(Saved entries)

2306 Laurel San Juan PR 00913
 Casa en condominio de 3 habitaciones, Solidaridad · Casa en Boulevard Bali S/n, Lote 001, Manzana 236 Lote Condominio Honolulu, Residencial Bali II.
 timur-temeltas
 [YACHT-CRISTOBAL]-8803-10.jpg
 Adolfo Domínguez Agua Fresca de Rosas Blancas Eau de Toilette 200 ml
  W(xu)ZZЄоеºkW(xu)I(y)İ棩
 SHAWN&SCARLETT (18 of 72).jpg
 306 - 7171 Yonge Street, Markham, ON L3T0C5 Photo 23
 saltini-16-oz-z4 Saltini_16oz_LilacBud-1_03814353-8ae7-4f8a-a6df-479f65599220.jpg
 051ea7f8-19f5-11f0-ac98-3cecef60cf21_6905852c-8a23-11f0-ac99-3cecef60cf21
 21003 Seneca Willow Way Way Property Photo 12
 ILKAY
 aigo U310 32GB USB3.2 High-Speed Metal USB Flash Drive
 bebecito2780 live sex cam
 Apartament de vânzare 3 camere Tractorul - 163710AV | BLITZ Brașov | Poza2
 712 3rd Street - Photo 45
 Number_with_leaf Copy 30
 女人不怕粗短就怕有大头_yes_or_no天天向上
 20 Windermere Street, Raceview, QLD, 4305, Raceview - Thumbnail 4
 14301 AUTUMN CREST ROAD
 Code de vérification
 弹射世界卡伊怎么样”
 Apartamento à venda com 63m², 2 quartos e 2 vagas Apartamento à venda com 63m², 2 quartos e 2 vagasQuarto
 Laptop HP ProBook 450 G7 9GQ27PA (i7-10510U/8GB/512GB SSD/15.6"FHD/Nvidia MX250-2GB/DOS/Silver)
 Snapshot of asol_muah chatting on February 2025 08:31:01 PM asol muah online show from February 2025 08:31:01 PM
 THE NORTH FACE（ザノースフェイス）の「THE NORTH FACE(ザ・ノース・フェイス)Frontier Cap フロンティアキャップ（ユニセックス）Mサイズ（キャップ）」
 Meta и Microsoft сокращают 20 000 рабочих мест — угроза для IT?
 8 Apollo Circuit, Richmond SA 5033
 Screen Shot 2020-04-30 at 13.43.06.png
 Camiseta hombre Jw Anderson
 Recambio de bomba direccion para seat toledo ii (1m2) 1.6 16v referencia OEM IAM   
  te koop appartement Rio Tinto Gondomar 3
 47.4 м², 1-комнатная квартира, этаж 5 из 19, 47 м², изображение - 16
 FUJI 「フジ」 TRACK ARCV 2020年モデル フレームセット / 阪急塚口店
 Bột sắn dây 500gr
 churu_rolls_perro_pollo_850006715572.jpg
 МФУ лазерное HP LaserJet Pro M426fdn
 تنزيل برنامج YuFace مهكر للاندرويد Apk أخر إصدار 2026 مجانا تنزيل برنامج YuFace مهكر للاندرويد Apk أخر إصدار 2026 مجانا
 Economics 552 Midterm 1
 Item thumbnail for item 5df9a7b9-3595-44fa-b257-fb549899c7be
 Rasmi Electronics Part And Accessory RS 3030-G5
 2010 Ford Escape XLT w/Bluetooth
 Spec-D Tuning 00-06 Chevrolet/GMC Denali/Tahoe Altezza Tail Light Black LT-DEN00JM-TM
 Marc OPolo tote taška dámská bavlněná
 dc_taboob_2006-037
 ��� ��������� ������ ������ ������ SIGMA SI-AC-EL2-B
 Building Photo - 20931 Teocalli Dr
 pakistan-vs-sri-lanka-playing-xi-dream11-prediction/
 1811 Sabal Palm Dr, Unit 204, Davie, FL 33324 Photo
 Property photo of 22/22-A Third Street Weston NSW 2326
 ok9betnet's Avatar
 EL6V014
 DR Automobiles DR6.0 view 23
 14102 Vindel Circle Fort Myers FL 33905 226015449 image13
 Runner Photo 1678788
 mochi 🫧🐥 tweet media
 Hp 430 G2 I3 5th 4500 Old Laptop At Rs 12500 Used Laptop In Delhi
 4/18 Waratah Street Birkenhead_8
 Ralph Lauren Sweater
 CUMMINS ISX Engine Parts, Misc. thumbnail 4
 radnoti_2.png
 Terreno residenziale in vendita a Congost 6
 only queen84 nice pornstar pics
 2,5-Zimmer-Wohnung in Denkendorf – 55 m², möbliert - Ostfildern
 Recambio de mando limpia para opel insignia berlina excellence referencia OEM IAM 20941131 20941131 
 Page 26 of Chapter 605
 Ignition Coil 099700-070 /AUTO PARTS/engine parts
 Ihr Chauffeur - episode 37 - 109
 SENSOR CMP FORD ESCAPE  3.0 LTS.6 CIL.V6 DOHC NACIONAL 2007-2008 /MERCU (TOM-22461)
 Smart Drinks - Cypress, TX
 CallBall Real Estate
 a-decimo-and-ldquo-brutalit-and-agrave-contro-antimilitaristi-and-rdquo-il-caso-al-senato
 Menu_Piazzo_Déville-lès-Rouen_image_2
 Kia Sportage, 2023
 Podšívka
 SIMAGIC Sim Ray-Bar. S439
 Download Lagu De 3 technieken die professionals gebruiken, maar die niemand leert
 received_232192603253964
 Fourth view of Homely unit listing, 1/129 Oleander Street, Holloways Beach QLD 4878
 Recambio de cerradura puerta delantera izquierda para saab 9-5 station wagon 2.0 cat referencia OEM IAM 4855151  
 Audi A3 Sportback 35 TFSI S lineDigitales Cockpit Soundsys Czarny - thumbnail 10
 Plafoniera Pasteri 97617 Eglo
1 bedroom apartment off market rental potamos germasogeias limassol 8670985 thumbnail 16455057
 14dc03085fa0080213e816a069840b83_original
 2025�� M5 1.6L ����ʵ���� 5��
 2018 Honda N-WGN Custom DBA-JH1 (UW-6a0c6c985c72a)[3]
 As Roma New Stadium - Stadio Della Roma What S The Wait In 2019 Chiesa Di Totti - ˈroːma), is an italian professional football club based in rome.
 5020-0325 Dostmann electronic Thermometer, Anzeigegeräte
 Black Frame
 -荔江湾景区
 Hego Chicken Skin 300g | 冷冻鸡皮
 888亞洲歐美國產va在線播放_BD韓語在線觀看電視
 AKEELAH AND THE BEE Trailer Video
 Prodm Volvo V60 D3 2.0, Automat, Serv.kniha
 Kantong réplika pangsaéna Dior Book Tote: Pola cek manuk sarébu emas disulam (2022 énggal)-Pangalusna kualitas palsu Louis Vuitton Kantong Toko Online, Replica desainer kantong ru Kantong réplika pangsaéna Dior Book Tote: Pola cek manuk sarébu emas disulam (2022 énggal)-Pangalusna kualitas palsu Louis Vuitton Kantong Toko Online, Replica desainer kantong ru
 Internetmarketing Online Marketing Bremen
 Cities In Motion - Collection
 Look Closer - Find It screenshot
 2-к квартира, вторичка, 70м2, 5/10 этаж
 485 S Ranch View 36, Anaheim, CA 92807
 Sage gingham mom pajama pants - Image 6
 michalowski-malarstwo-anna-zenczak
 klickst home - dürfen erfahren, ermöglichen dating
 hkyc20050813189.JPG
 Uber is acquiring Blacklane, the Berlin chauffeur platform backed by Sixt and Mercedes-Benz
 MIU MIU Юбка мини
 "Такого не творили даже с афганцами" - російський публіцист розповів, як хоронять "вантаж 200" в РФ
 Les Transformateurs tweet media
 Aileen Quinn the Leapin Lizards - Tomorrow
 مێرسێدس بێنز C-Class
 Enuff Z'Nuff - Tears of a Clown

_Problem to work on_
What you give back should be only the lines of the records above, starting at the line with "14dc03085fa0080213e816a069840b83_original" and ending at the line with "Prodm Volvo V60 D3 2.0, Automat, Serv.kniha", restated word for word.

_Solution_
 14dc03085fa0080213e816a069840b83_original
 2025�� M5 1.6L ����ʵ���� 5��
 2018 Honda N-WGN Custom DBA-JH1 (UW-6a0c6c985c72a)[3]
 As Roma New Stadium - Stadio Della Roma What S The Wait In 2019 Chiesa Di Totti - ˈroːma), is an italian professional football club based in rome.
 5020-0325 Dostmann electronic Thermometer, Anzeigegeräte
 Black Frame
 -荔江湾景区
 Hego Chicken Skin 300g | 冷冻鸡皮
 888亞洲歐美國產va在線播放_BD韓語在線觀看電視
 AKEELAH AND THE BEE Trailer Video
 Prodm Volvo V60 D3 2.0, Automat, Serv.kniha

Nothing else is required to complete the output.